= Roman and Gabriel Slaybaugh =

American models (born 1971)

Roman and Gabriel Slaybaugh are twin American models from LaPorte, Indiana, born on March 17, 1971. The twins' parents Richard and Terri Slaybaugh named them after All Pro football player Roman Gabriel. Early on in the twins' life, Roman and Gabriel found success on the football field that introduced them to their names.

The models began their modeling career while attending college on football scholarships. They were first discovered at age 20 during a visit to Chicago, by talent scout Paula Palm. After their discovery, the twins were introduced to the male modeling agency Success Models from Paris, France. Success Models handed the twins two round-trip tickets to Paris, France to board the flight within 48 hours. With only $30 between the both of them, they set off to Europe not knowing what was ahead.

==Career==
Roman and Gabriel were then based out of Paris, France where they began working with such photographers as Bruce Weber, Mario Testino, TYEN, Sante D'Orazio, Paolo Roversi, Tiziano Magni, and Cindy Palmano.

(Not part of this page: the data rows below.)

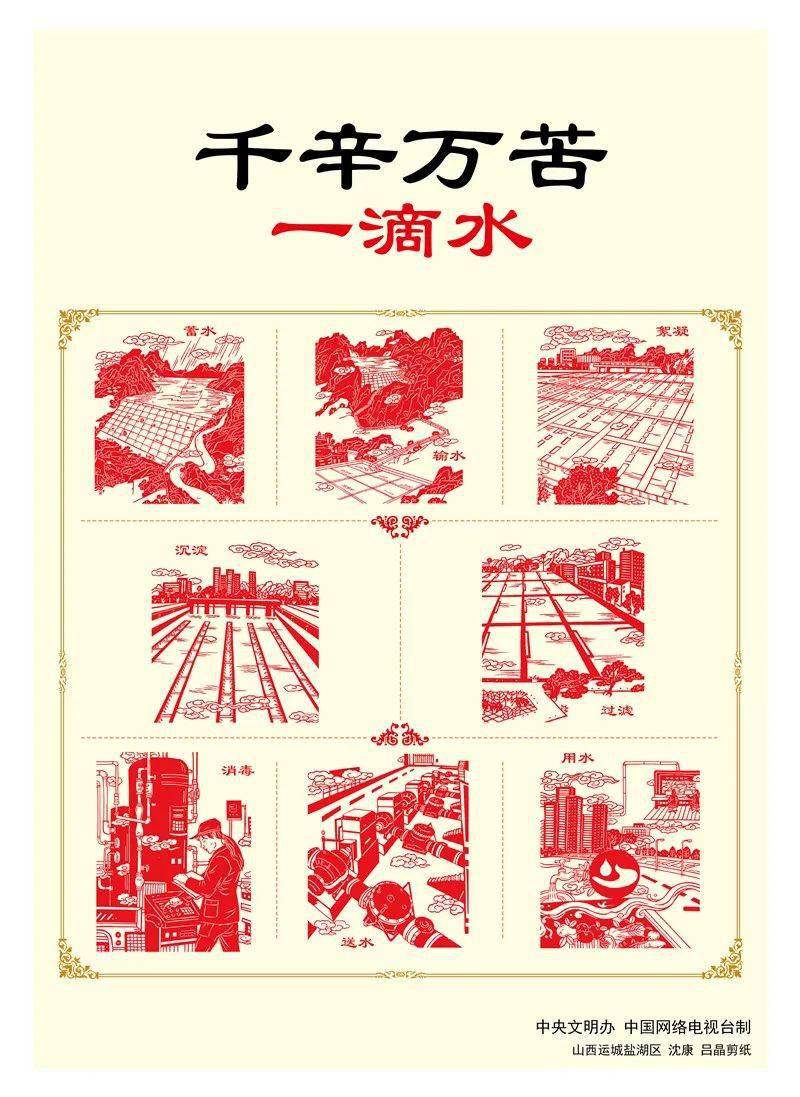 千辛万苦一滴水公益广告作品展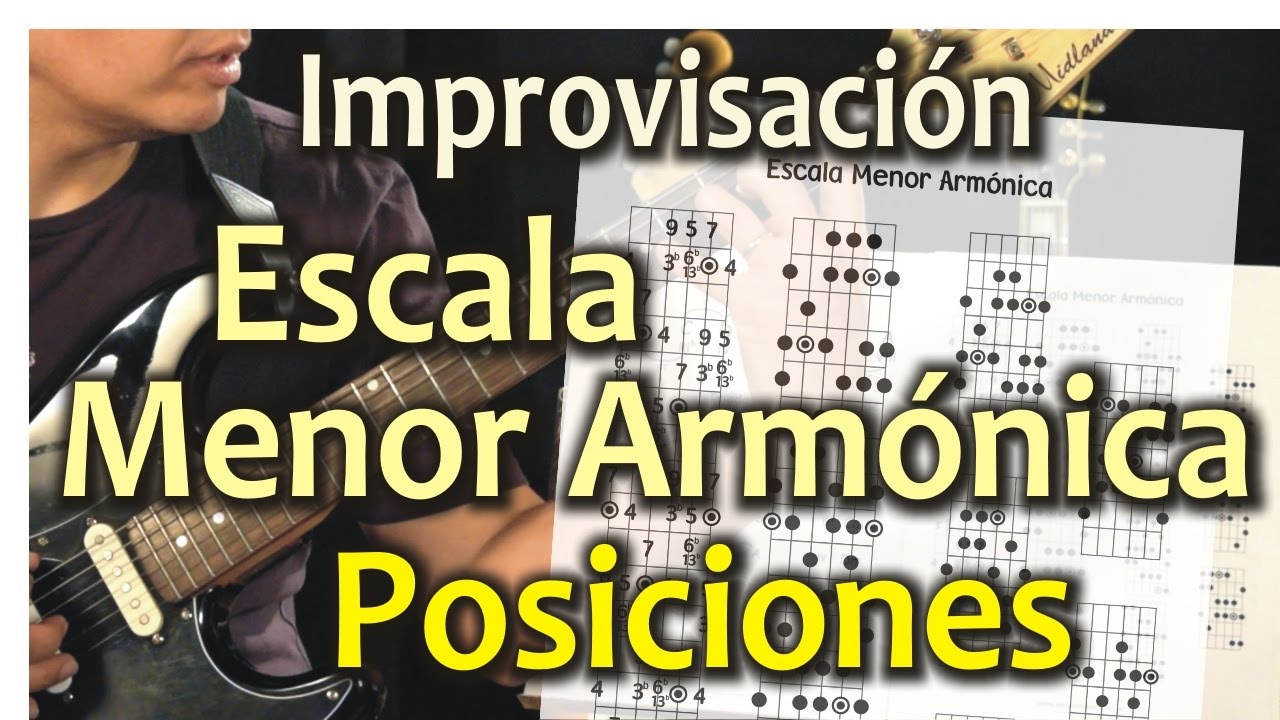 Escala Menor Armónica 1 - Posiciones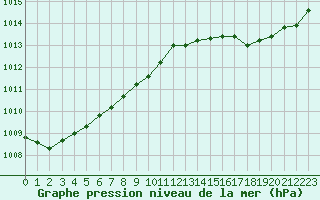 Courbe de la pression atmosphrique pour Pointe de Chassiron (17)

The twins were a commodity working with top designers on print and runway with Versace, Armani, Pierre Cardin, Gianfranco Ferre, Montana, Thierry Mugler, Burberry, GAP, Polo Sport, etc. They also worked with female supermodels such as Nikki Taylor, Yasmeen Ghauri, Helena Christensen, and early in her career Heidi Klum.

The twins appeared in many top publication during the 90s and early 2000s, in such magazines as GQ, Esquire, Luomo Vogue, British GQ, Premier Magazine, Cosmopolitan, Mondo Luomo, and Harper's Bazaar.

==Agencies==
1. Success Models Paris, France
2. Mens Board Miami, FL
3. Click Models NY, NY
4. Karin Models NY, NY
5. Models One London, UK
6. LA Models, LA, CA
7. Mitchell Models, San Francisco, CA
8. Italy Models Milan, Italy
9. Bananas Models Paris, France
10. Arlene Wilson Chicago, IL

==Retirement==
Twins officially retired in 2002 to spend more time with their families. Roman now resides with his wife Jonna and their two children (son) Stoan and (daughter) Peyton. Gabriel enjoys spending time with his family and friends traveling, photography, and offroading 4x4.